▸ TRY IT: Below are the records; restate all of them exactly.

▸ Records from a collection:
....
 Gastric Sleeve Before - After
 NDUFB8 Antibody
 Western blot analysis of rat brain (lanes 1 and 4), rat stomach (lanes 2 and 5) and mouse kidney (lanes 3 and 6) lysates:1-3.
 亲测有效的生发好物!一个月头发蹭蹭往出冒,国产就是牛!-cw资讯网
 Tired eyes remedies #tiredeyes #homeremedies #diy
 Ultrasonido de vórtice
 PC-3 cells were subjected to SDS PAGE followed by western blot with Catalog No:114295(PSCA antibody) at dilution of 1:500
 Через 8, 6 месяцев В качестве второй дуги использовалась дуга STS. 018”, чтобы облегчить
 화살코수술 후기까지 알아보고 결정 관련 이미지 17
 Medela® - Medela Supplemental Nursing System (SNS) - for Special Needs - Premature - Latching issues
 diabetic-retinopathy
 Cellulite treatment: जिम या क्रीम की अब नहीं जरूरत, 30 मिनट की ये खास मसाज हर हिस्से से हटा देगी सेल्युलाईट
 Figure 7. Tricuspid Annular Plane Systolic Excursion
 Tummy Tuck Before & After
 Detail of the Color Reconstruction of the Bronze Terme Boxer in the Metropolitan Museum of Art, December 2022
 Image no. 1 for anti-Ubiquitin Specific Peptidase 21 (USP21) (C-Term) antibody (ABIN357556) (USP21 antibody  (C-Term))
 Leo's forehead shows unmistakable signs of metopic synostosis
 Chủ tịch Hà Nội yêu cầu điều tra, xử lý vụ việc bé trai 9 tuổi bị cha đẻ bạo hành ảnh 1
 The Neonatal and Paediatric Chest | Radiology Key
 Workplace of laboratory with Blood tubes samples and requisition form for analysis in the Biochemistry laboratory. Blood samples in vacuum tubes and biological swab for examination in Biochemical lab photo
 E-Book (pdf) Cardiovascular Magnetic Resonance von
....
▸ EXERCISE OUTPUT:
 Gastric Sleeve Before - After
 NDUFB8 Antibody
 Western blot analysis of rat brain (lanes 1 and 4), rat stomach (lanes 2 and 5) and mouse kidney (lanes 3 and 6) lysates:1-3.
 亲测有效的生发好物!一个月头发蹭蹭往出冒,国产就是牛!-cw资讯网
 Tired eyes remedies #tiredeyes #homeremedies #diy
 Ultrasonido de vórtice
 PC-3 cells were subjected to SDS PAGE followed by western blot with Catalog No:114295(PSCA antibody) at dilution of 1:500
 Через 8, 6 месяцев В качестве второй дуги использовалась дуга STS. 018”, чтобы облегчить
 화살코수술 후기까지 알아보고 결정 관련 이미지 17
 Medela® - Medela Supplemental Nursing System (SNS) - for Special Needs - Premature - Latching issues
 diabetic-retinopathy
 Cellulite treatment: जिम या क्रीम की अब नहीं जरूरत, 30 मिनट की ये खास मसाज हर हिस्से से हटा देगी सेल्युलाईट
 Figure 7. Tricuspid Annular Plane Systolic Excursion
 Tummy Tuck Before & After
 Detail of the Color Reconstruction of the Bronze Terme Boxer in the Metropolitan Museum of Art, December 2022
 Image no. 1 for anti-Ubiquitin Specific Peptidase 21 (USP21) (C-Term) antibody (ABIN357556) (USP21 antibody  (C-Term))
 Leo's forehead shows unmistakable signs of metopic synostosis
 Chủ tịch Hà Nội yêu cầu điều tra, xử lý vụ việc bé trai 9 tuổi bị cha đẻ bạo hành ảnh 1
 The Neonatal and Paediatric Chest | Radiology Key
 Workplace of laboratory with Blood tubes samples and requisition form for analysis in the Biochemistry laboratory. Blood samples in vacuum tubes and biological swab for examination in Biochemical lab photo
 E-Book (pdf) Cardiovascular Magnetic Resonance von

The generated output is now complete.